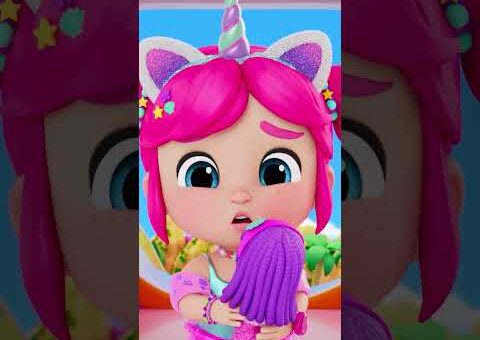 Join The Mermaid Club! 🧜‍♀️Emmie’s Sparkly Girly Adventures #kids #shorts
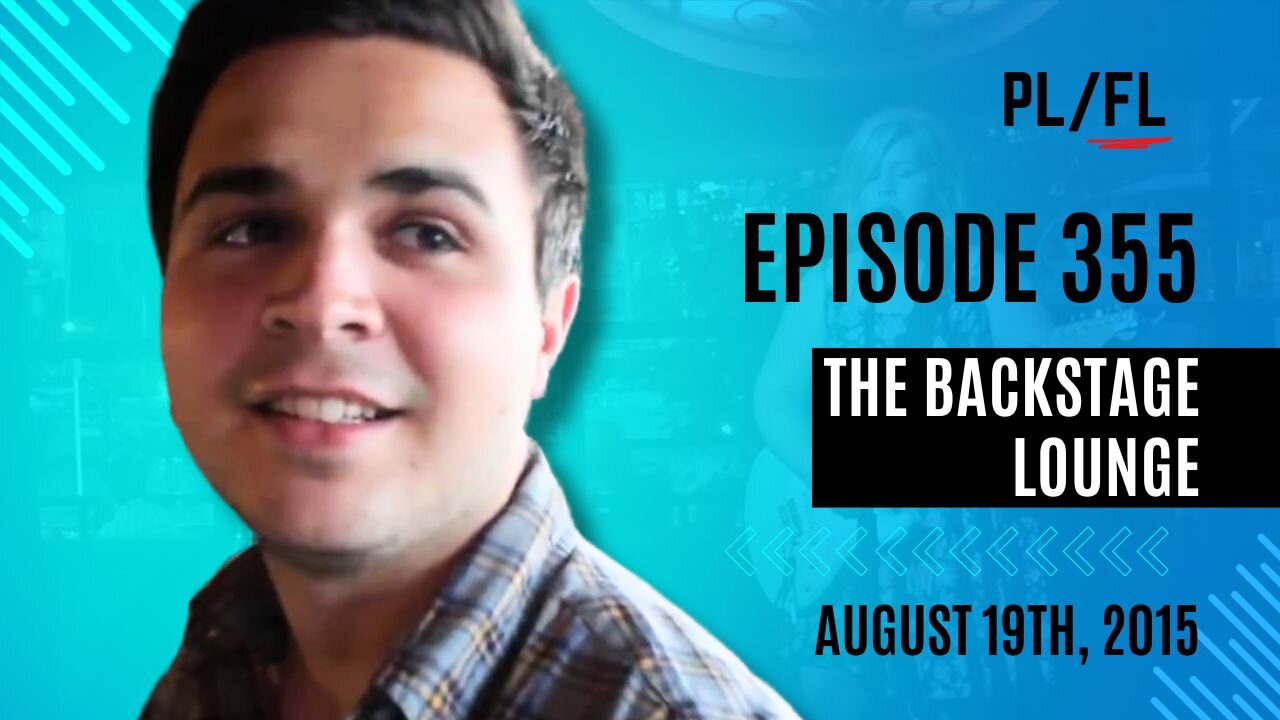 Future Liam - “The Backstage Lounge” - August 19th, 2015
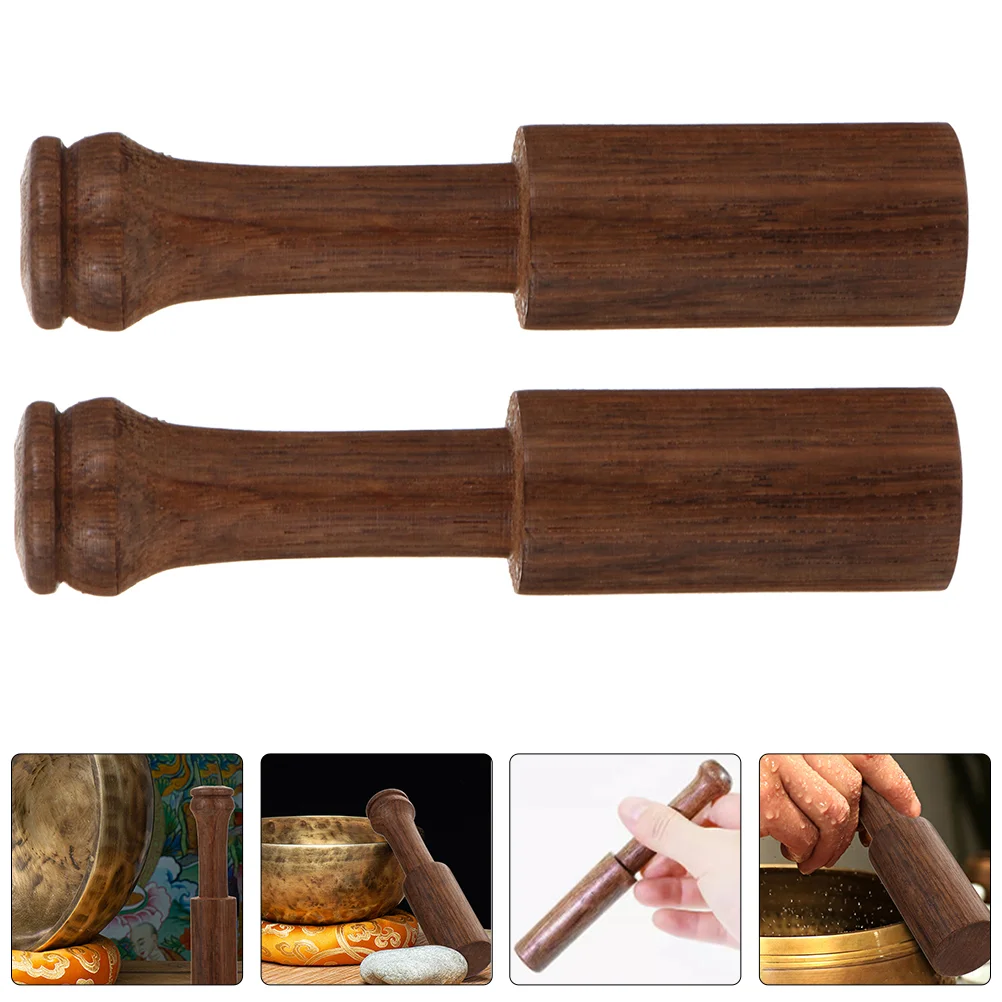 

Tibetan Singing Bowl Mallet Buddha Sound Bowl Mallet Chanting Bowl Wooden Stick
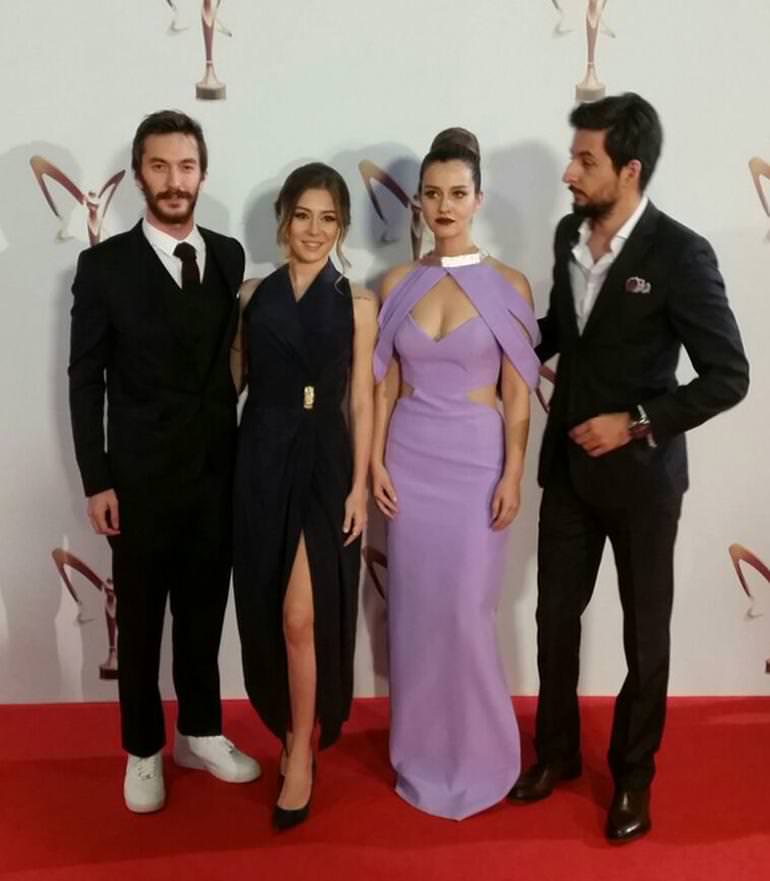 42. Altın Kelebek Ödül Töreni'nde kimler vardı?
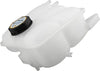 BOXI Coolant Reservoir Bottle Tank W/Cap Compatible with Mazda 3 2004 2005 2006 2007 2008 2009 2010 2011 2012 Replace# 5M5H8K218AA 603-043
──────────────────────────────
» **TASK ITEM**
The lines above from the line with "August 19th, 2015" through the line with "42. Altın Kelebek" are to be given again word for word, with no pictures among them.

» **YOUR RESPONSE**
 Future Liam - “The Backstage Lounge” - August 19th, 2015

Tibetan Singing Bowl Mallet Buddha Sound Bowl Mallet Chanting Bowl Wooden Stick
 42. Altın Kelebek Ödül Töreni'nde kimler vardı?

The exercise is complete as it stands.